The Return of the Native


       On the recommendation of Gear Patrol’s list of “100 Best Books for Men: The Definitive Men’s Library” I recently read (just finished it today) The Return of the Native by Thomas Hardy, the Victorian novelist and poet. I knew it was a classic, and I had a vague idea of a story about an Indian brave who escapes to the city but in the end learns the value of tribal living; boy was I wrong. It is a flowing third person narrative about country folks living on a rural heath in Eighteenth Century England. I mention the third person aspect of the book because Hardy brilliantly utilizes that voice in creative ways unknown to most books. The only other time I have been floored by 3rd person omniscient storytelling is in one of the Master and Commander books by Patricky O’Brien. In the book, Captain Jack Aubrey and a woman are fox hunting (on horses of course); suddenly, as they are about to jump a hedge the perspective changes to that of the horse Captain Aubrey is riding. Hardy is no less creative with his omniscient narration power.

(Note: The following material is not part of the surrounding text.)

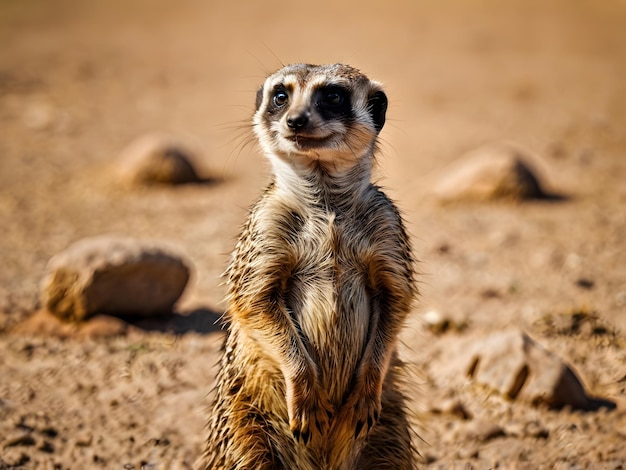 Photo a meerkat stands in the kalahari desert namibia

      He considered himself a poet and it shows in his prose. Here there is no Hemmigway choppy brevity, but lovely colorful accounts of landscapes, weather, people and events. He delves into psychology, but avoids spending the entire story in the brains of his characters as many modern novels do. It isn’t too long, and the story is riveting, sad but morally astute and correct. It is a masterpiece of Victorian literature and worth the read.